Neither of those arguments holds up. The Secretary’s administrative authority is undoubtedly broad. . . . But it is not boundless. To qualify as administering the Medicare or Medicaid statutes, a program of such intrusive regulation must do more than identify a hoped-for trickle-down effect on the regulated programs.
Instead, to fall within the Secretary’s regulatory authority, rules must be “necessary to the efficient administration of the functions with which [the Secretary] is charged[,]” 42 U.S.C. § 1302(a) (emphasis added), or “necessary to carry out the administration of the insurance programs under” the Medicare subchapter of the Social Security Act, id. § 1395hh(a)(1) (emphasis added). “[A]dministration” is the central focus of both definitions. When the Social Security Act was enacted in 1935, this meant “the practical management and direction of” its various programs (including eventually Medicare and Medicaid), as well as their “management” and “conduct.”

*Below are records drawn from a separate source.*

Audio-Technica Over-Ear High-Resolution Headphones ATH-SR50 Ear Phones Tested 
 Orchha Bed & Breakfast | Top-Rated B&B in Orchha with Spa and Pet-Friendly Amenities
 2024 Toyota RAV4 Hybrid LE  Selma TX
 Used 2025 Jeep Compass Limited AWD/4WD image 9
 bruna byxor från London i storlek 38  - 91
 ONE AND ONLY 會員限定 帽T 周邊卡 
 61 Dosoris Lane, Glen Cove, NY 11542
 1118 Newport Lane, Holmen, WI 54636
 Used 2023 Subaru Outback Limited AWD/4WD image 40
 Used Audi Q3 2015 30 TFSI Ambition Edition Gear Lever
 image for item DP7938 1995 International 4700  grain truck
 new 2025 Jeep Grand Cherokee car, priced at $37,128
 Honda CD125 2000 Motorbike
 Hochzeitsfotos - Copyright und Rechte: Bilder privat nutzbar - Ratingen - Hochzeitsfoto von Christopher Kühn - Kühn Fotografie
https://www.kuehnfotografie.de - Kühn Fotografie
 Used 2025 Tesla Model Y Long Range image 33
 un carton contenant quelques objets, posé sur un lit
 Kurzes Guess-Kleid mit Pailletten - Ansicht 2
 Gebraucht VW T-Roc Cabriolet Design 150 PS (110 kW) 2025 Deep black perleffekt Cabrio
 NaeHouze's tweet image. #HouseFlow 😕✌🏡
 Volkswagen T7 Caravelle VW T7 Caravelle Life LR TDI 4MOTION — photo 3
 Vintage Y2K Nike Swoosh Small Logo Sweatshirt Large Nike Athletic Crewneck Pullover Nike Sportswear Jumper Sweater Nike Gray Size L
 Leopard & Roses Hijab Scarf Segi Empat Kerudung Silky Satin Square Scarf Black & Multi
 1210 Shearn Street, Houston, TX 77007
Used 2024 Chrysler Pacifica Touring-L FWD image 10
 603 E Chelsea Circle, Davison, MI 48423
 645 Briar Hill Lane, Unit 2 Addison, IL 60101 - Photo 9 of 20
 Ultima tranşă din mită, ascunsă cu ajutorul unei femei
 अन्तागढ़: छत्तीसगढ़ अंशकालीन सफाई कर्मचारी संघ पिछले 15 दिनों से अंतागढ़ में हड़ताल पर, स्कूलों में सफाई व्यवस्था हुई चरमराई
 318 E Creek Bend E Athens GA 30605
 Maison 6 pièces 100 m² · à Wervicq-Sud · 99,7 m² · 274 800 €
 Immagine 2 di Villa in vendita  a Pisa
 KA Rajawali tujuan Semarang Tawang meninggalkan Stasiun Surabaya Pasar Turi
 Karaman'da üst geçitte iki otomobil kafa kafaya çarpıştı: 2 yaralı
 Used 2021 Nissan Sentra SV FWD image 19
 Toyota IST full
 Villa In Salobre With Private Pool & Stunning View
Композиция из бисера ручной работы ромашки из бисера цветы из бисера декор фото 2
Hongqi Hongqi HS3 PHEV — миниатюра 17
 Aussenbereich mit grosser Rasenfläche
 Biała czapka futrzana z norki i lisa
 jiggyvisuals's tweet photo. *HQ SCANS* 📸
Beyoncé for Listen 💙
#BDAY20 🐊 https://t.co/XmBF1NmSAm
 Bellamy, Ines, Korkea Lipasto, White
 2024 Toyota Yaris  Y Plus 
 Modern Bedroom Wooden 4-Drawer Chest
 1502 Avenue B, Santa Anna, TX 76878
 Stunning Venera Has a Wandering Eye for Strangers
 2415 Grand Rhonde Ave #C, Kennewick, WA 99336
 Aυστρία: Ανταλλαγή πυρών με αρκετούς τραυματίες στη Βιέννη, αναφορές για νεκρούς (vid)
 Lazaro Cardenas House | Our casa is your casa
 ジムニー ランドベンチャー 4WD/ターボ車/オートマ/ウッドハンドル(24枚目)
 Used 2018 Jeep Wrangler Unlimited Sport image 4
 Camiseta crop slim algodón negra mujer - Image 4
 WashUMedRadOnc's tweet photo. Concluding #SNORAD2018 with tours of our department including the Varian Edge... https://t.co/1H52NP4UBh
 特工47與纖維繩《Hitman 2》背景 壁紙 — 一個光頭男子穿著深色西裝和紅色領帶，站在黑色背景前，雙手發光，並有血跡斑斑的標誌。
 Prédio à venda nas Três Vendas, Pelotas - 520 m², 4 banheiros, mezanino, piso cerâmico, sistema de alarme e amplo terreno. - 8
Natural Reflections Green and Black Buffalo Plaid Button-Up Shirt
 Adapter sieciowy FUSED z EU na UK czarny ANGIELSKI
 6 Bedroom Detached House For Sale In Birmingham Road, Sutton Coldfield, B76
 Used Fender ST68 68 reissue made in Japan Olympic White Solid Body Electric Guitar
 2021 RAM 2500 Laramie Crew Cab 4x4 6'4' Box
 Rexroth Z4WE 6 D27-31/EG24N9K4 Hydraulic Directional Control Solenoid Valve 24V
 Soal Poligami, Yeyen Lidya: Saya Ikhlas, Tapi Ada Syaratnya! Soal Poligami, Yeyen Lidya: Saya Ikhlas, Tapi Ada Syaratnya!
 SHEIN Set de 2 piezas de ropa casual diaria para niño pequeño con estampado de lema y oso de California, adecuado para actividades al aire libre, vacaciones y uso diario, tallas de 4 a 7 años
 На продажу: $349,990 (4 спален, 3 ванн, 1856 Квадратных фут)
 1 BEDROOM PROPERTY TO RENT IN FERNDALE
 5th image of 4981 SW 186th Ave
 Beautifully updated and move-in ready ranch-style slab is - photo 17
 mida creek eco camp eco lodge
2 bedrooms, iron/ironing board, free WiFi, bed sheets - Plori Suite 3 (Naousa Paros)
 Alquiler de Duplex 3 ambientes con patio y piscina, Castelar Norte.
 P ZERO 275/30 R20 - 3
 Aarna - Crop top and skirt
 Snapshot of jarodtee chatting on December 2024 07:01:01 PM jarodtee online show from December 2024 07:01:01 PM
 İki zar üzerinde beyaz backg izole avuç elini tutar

So for a regulation to be “necessary” to the programs’ “administration,” 42 U.S.C. §§ 1302(a), 1395hh(a)(1), the Secretary must demonstrate an actual and discernible nexus between the rule and the conduct or management of Medicare and Medicaid programs. The regulation’s operational focus must also be on those two programs, and the rule’s effect must be more than tangential.
The panel went on to point out that the Department’s preferred interpretation of its authority would give it near-boundless power.
The Department’s construction of the statute would seem to give it unbridled power to promulgate any regulation with respect to drug manufacturers that would have the arguable effect of driving down drug prices—or even healthcare costs generally—based on nothing more than their potential salutary financial benefits for the Medicare or Medicaid program. This suggests a staggering delegation of power, far removed from ordinary administration. Could the Department dictate salaries at pharmaceutical companies that make or sell products “for which payment is available, directly or indirectly, under” Medicare or Medicaid? Could it superintend pharmaceutical companies’ business operations to cut costs? Surely not. But the Department’s reasoning suggests that such regulations would be fair game as long as they ultimately resulted—even indirectly—in reduced Medicare or Medicaid expenditures or increased price competition. . . .
the breadth of the Secretary’s asserted authority is measured not only by the specific application at issue, but also by the implications of the authority claimed.
Although the court panel did not echo the “major questions” doctrine, there are echoes of such arguments in its analysis. It’s a useful reminder that agencies need to be able to identify the source of any regulatory authority they wish to exercise.